El segundo problema se refiere a la manera acordada para repartir los impuestos sobre los beneficios globales de las grandes empresas que, a pesar de conseguir amplios beneficios, no tiene presencia a efectos fiscales. La idea es redistribuir parte de esos beneficios globales hacia el resto de países en los que la empresa está presente. Pero los umbrales son tan altos, que apenas afectará a unas cien empresas, aquellas que facturen por encima de los 20.000 millones de euros y con rentabilidad superior al 10%. Son pocas, tan pocas que incluso monstruos digitales como Amazon podrían quedarse fuera.
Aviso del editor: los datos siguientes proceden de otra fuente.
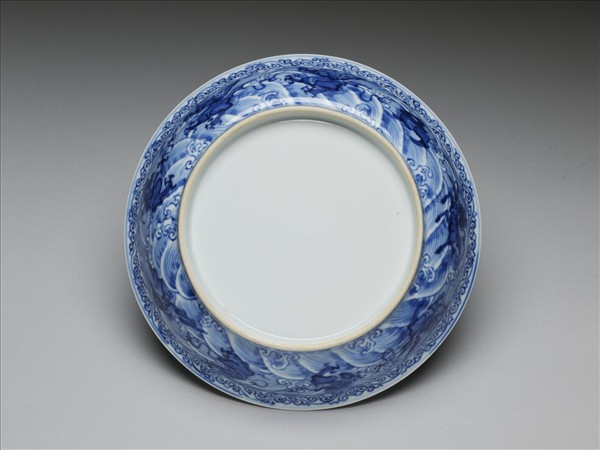 青花波濤海獸紋盤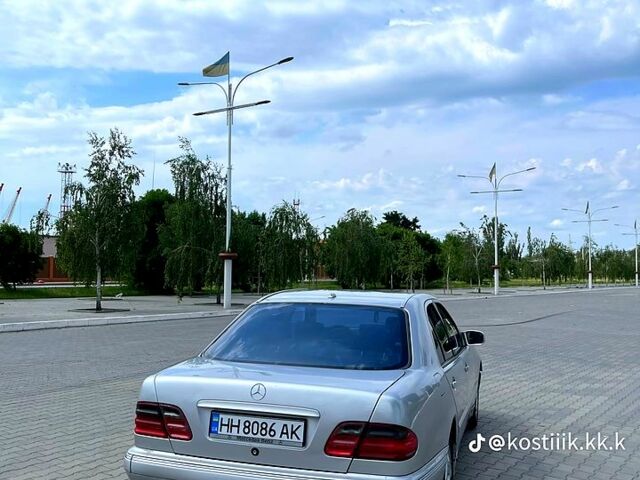 Серый Мерседес Е-Класс, объемом двигателя 3.2 л и пробегом 500 тыс. км за 3000 $, фото 2 на Automoto.ua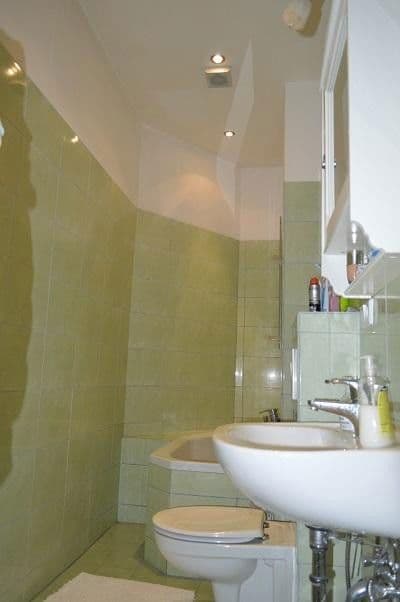 Prodej bytu 3+1 93 m², Sophie-Charlotten-Straße 37, Berlin, Berlín Prodej bytu 3+1 93 m², Sophie-Charlotten-Straße 37, Berlin, Berlín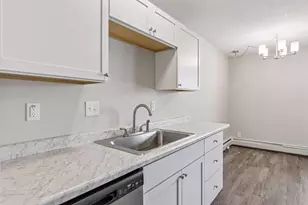 926 Westbrooke Way, Hopkins, MN 55343 - Photo 4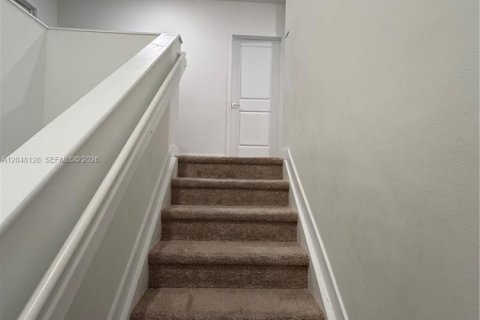 Townhouse in Homestead, Florida 4 bedrooms, 185.99 sq.m. № 2247658 - photo 10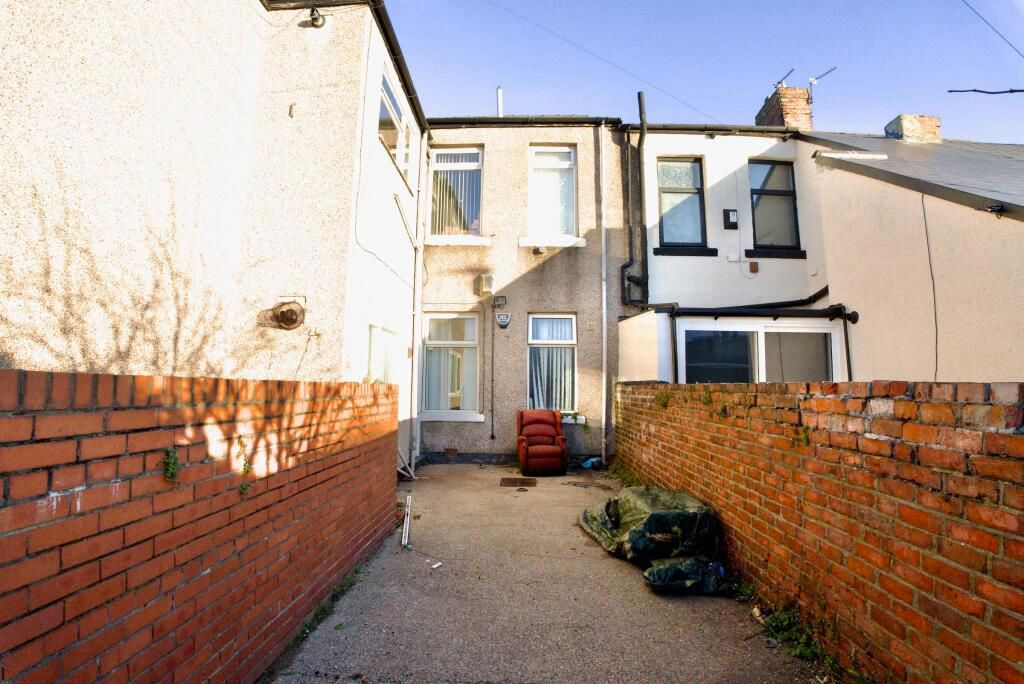 Property photo 2 of 12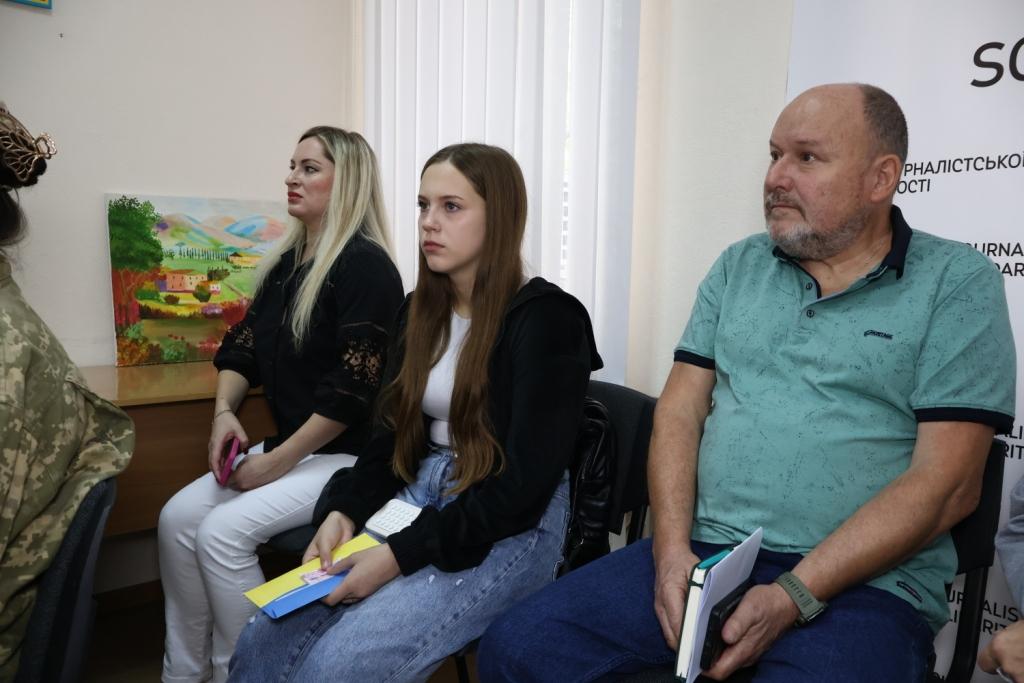 «Запали свічку пам’яті!»: у Дніпрі медійники вшанували загиблих колег 25 «Запали свічку пам’яті!»: у Дніпрі медійники вшанували загиблих колег 8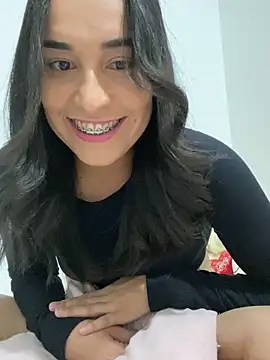 cleolimahot3 online show from January 7, 2025, 10:19 pm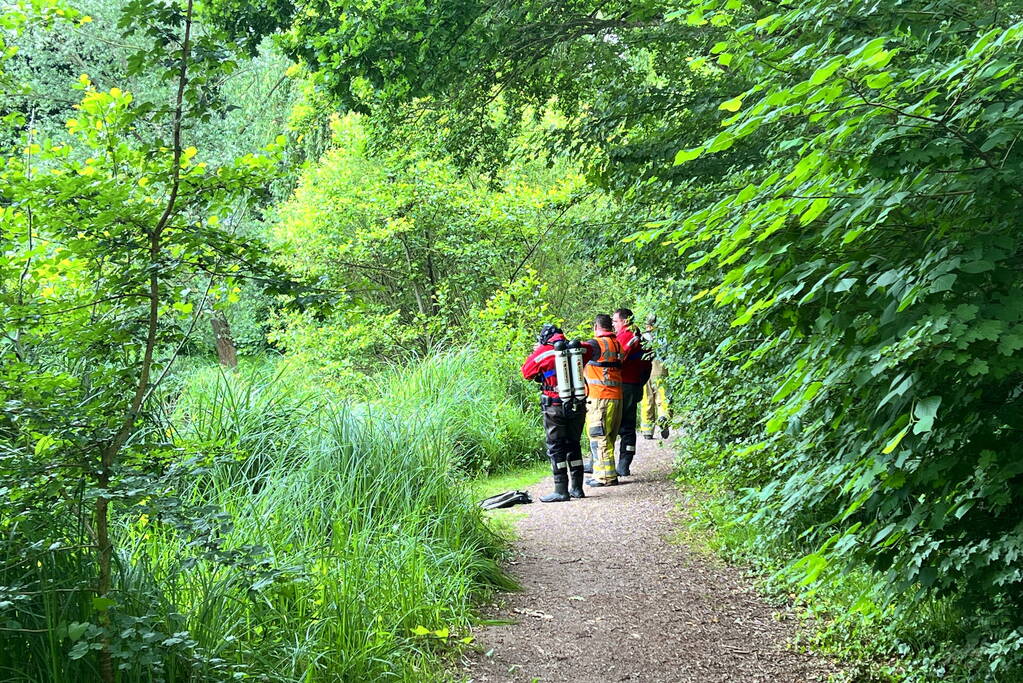 Zoekactie naar persoon in water bij Kasteel Erenstein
No sólo eso. Los países donde las multinacionales están produciendo o generando sus ventas y beneficios, apenas se repartirán una parte mínima de los beneficios globales (no llega al 5%).

También resultan problemáticos los flecos aún por concretar. Ya sabemos que el diablo está en los detalles. El sector financiero por ejemplo ha quedado al margen del acuerdo, sin duda por la presión de Gran Bretaña entre otros. Su exclusión supone reducir los ingresos fiscales globales a la mitad. 

Difícil que este acuerdo sea motivo de celebración. Martín Guzmán, ministro de Finanzas de Argentina, país miembro del G20, criticó la propuesta, al igual que algunos países africanos como Nigeria o Kenia que incluso renunciaron a firmar el acuerdo. En estos términos, corremos el riesgo de incrementar las desigualdades entre países.

Pero el partido aún no ha acabado. Hasta octubre todavía podemos conseguir un acuerdo que sea más justo y que genere ingresos adicionales suficientes y sustanciales para todos, incluidos los países en desarrollo. Para ello tendríamos que pensar en un tipo mínimo más alto, del 25%. Y tendríamos que garantizar que los beneficios se compartan de manera equilibrada con los países en desarrollo y que las grandes empresas que se han beneficiado de la digitalización de la economía, como Amazon no puedan eludir este acuerdo. Convendría que la opinión pública sea consciente de lo importante del momento.